The dark web is a growing concern here in the Middle East. In the past years, it has redefined the art of hacking and expanded the range of threats that organisations need to tackle.

Many get the terms “deep web” and “dark web” confused; however, they are very two distinctive things. The deep web is the entire portion of the web that is not accessible by conventional search engines. It is not indexed like the rest of the internet, so people are not able to access it easily. Some say this makes up 99 percent of the entire internet. The dark web on the other hand is a smaller portion of the deep web, consisting of certain websites within the deep web that are linked to criminal activity and illegal marketplaces.

To access the dark web users will need an anonymous browser, such as The Onion Router (TOR), to access it as it is typically used to trade illicit goods such as weapons and drugs. TOR aims to conceal its users’ identities and their online activity from surveillance and traffic analysis by separating identification and routing. Using the dark web, cyber criminals can sell malware, credit card dumps, stolen credentials, access to an organization’s systems, etc.

Most hackers and criminal groups can communicate on the dark web without any fear of interception. This means it’s possible for them to share best practices and new techniques that can be used to compromise sensitive data of organisations’ networks without getting caught. Even more, since organisations are not equipped enough to intercept communication on the dark web, its often difficult to find out if their data has been compromised.

To give you an example of the damage the dark web can have on an organization, in 2017, Amazon.com was targeted by sophisticated criminals operating from the dark web.

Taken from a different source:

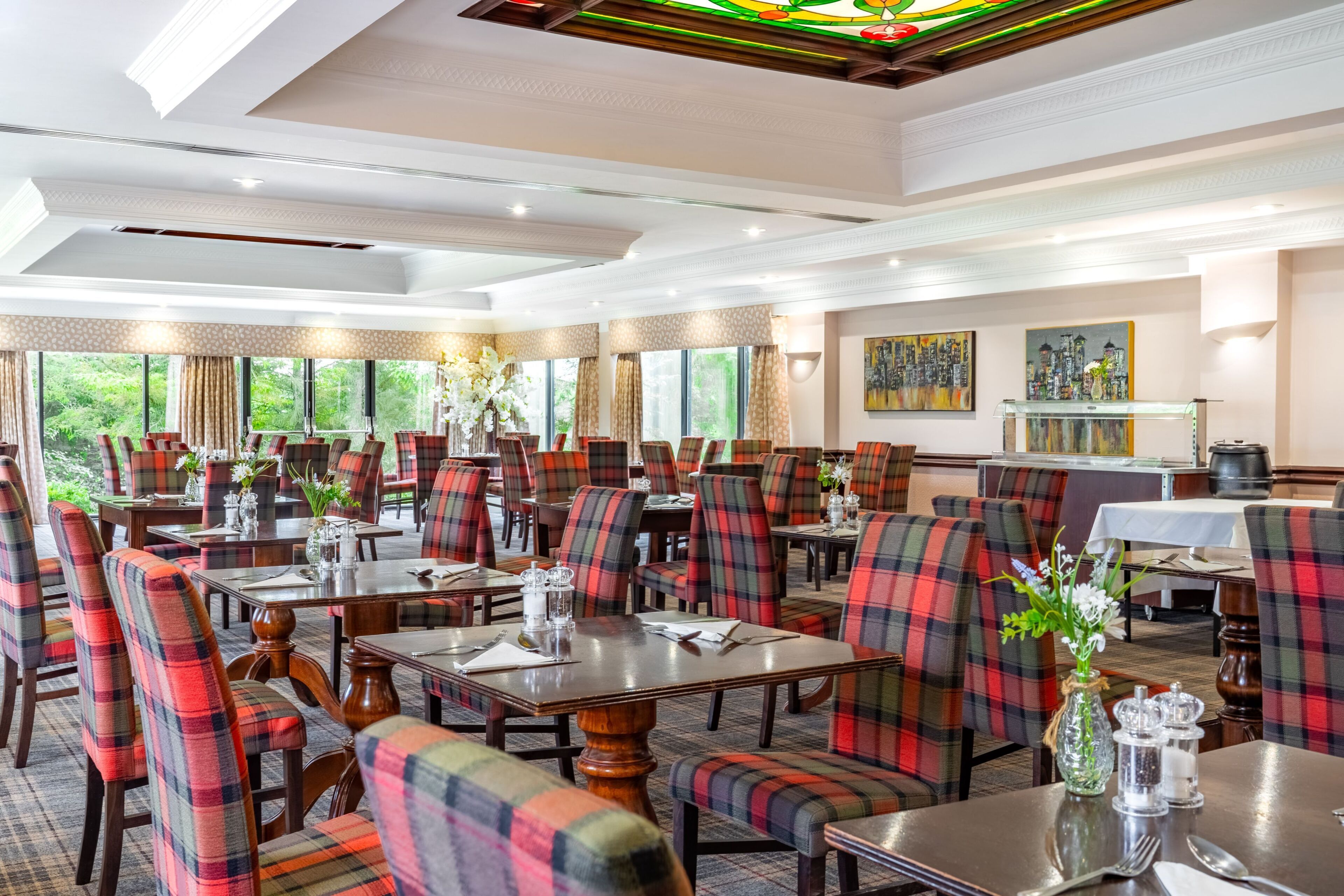 Un restaurant doté de nombreuses tables et chaises, de grandes fenêtres et d’un plafond en vitrail.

Hackers gained access to third party seller accounts before distributing their data on the dark web. The criminals modified the seller’s Amazon account details to direct payments to hacker-controlled bank accounts. Some sellers lost more than $100,000 of revenue before Amazon detected the compromise.

How to combat cyberattacks on the dark web

It is crucial for organisations to outsmart the cyber criminals using the dark web. Here’s where to start:

Monitoring: Organisations must ensure that their IT team is monitoring as many segments of the dark web as possible. The threats should be monitored across multiple cybercrime zones to understand if any employee or customer data is being actively traded on the dark web.

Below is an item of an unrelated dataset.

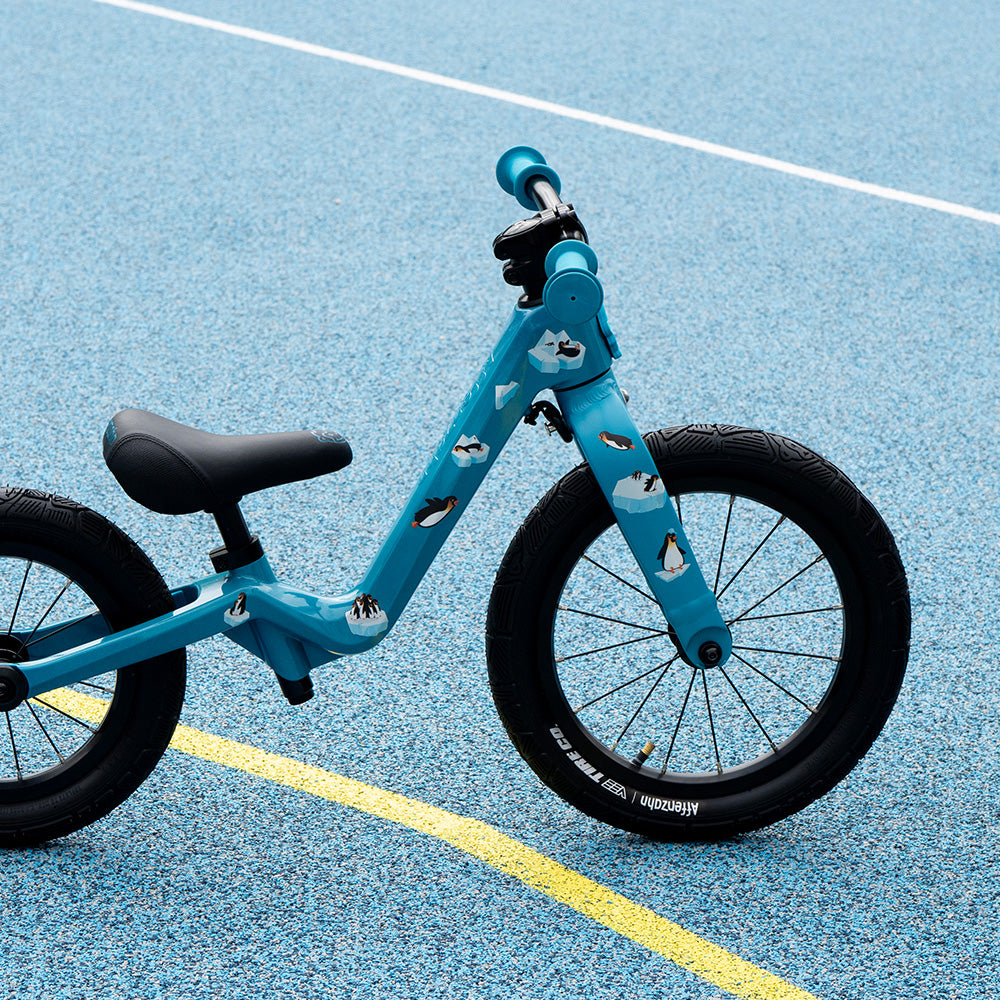 Kids bike with reflective penguin stickers and blue Background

 Effective defense strategy: Organisations must create an effective dark web defensive strategy that alerts them in advance and provides the intelligence needed to take appropriate action against having their data leaked on the dark web. To give you an example, for years, FireEye has seen airlines and third-party ticket sellers exploited so that illicit tickets could be resold for profit on the dark web. Airlines are a common target of cyber criminals as they hold a wide variety of sensitive data which can be easily traded on the dark web.

 Eliminate vulnerabilities through employee training: If an employee accesses the dark web through company network, he or she might open the network to risks and allow company information to become compromised. Sometimes poor employee habits such as using the same password for multiple accounts and opening malicious emails can also cause companies to lose sensitive data which is then traded on the dark web.

Governments in the Middle East are working to create awareness about the dark web to ensure safety. In 2016 for example, the UAE government banned the use of TOR, which in turn prohibited the use of the dark web within the country. Today, every big or small organisation in the region understands the risk of cyber criminal activity; however, there is still little awareness about the risks of the dark web. This means, organisations and governments need to work together to defend against dark web activity.